Tim Wu: Not Looking Happy about Being So Wrong

Three years ago this month, Columbia University Law School professor Tim Wu released a controversial white paper in conjunction with the New America Foundation entitled, “Wireless Net Neutrality: Cellular Carterfone and Consumer Choice in Mobile Broadband.” It contained a litany of accusations regarding supposed corporate shenanigans in the mobile marketplace, including: intentional crippling of features and functionality; refusal to allow 3rd party attachments or intentional curtailment of a market for 3rd party application developers; and various concerns about “discrimination” of one sort or another.

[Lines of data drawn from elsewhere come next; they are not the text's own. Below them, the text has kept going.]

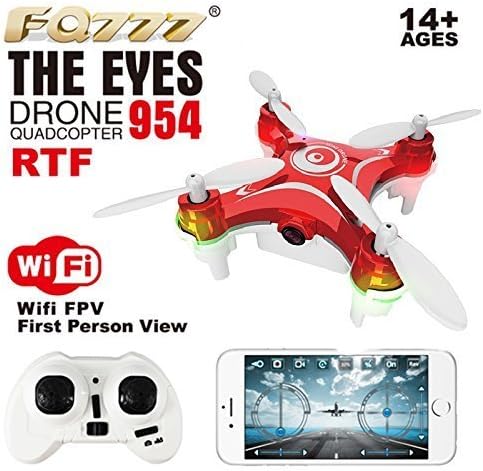 FQ777-954 Mini RC Quadcopter Drone Wi-Fi FPV Real Time Transmission with 0.3MP Camera Red by 115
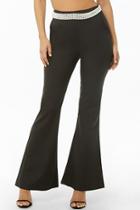 Forever21 Faux Pearl-adorned Flare Pants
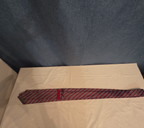 Bergamo New York Tie Burgundy Red Silver Striped Mens Silk Necktie Regimental
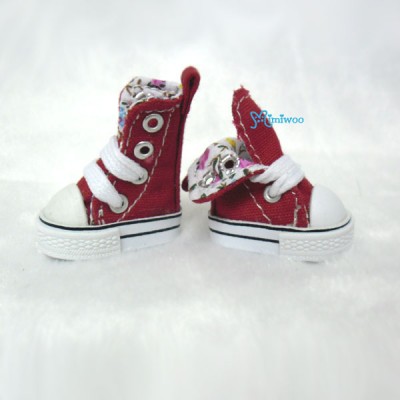 1/6 Bjd Neo B Denim MICRO Shoes Folded Boots Red SHP188RED 1/6 Bjd Neo B Denim MICRO Shoes Folded Boots Red SHP188RED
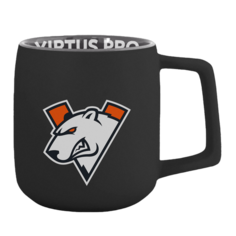 Кружка Virtus.pro с логотипом матовая чёрно-серая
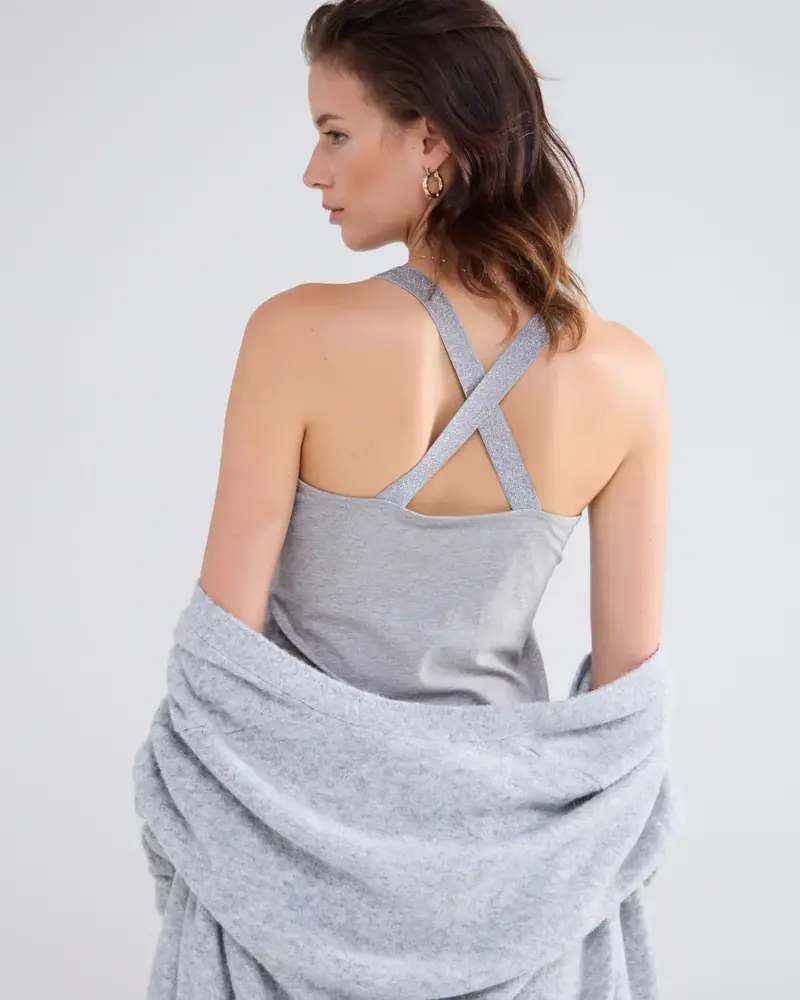 Summum Woman Singlet crossband cotton elastane basics - Mist Summum Woman Singlet crossband cotton elastane basics - Mist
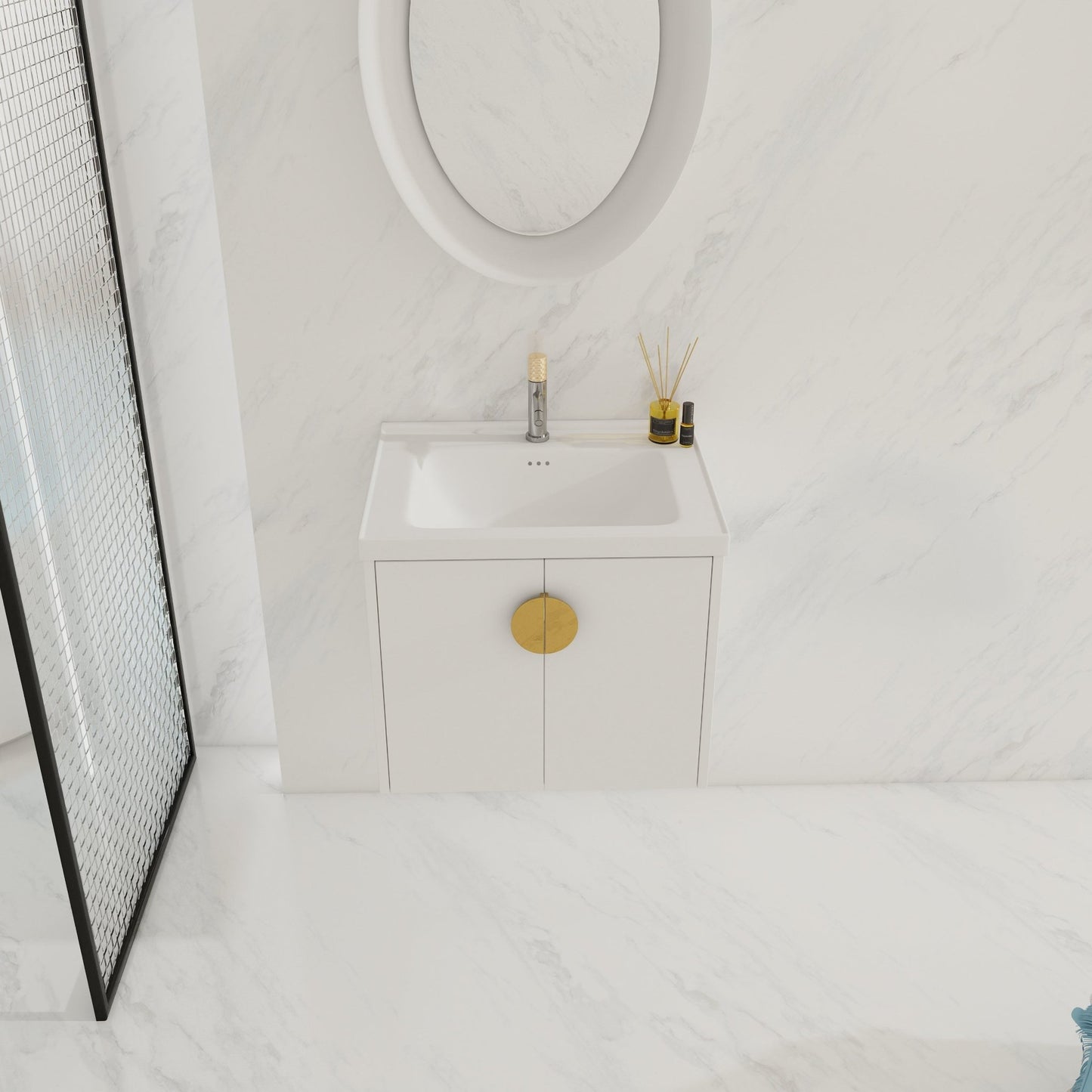 24 Inch Soft Close Doors Bathroom Vanity With Sink, For Small Bathroom (KD - Packing) - 1st Choice Furniture Direct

Here at the TLF, we responded quite forcefully. I think every one of us piled on this study in one way or another. (ex: Hance, Jerry, James, Tim Lee, me x 2, + a podcast).  I called his proposal “a declaration of surrender” since Prof. Wu was essential calling the game early and raising the white flag on mobile competition. Further, I argued he was essentially asking for “the forced commoditization of cellular networks” which “would necessitate at return to the rate-of-return regulatory methods of the past.”  Others were a bit more kind to him, but we were all pretty skeptical of his gloomy claims. However, each of us here also argued that the wireless market (especially the applications side of the market) was still developing and that we’d have to check back in a few years to see how well the hands-off approach worked out.

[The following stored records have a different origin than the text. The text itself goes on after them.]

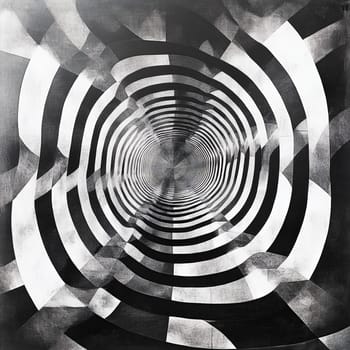 Monochrome abstract design featuring concentric circles creating a dynamic optical illusion effect.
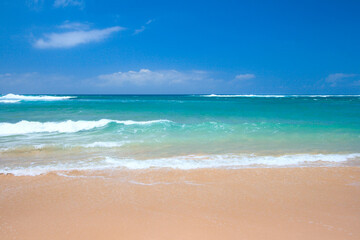 Fototapeta na wymiar Peaceful beach scene with ocean and blue sky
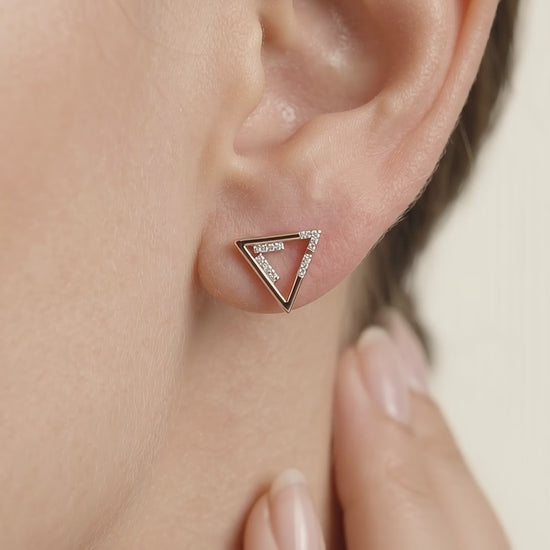 Celeste Sleek Spark Open Triangle Studs
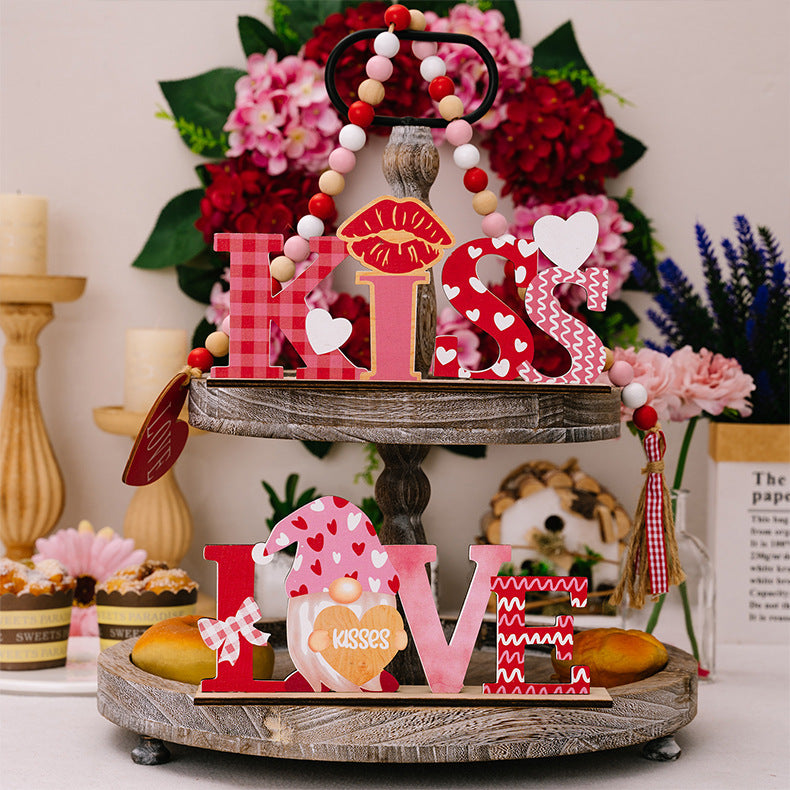 Valentine’s Day LOVE KISS Wooden Decor Romantic Home Display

Well, thankfully, we now know for certain that Tim Wu’s was much too lugubrious in his outlook and far too quick to call for regulatory intervention to solve a non-crisis. On the occasion of the 3rd anniversary of the release of Prof. Wu’s paper, CTIA-The Wireless Association filed a short paper with the FCC taking stock of just how far the mobile marketplace has come in just three short years. The results are really quite remarkable, as CTIA’s letter notes:

Contrary to the professor’s view of how the ecosystem would evolve, in the absence of regulation, every element of the wireless ecosystem has expanded. Today, the fact that there are over six hundred devices in the U.S. offering hundreds of different capabilities for consumers, over 170,000 applications, more open networks with open developer initiatives and software development kits, the sale of phones through numerous online and retail outlets, multiple operating systems, and the launch of the newest and most innovative handsets first in the United States demonstrates that the mobile wireless ecosystem continues to evolve to serve customers, contrary to Professor Wu’s arguments.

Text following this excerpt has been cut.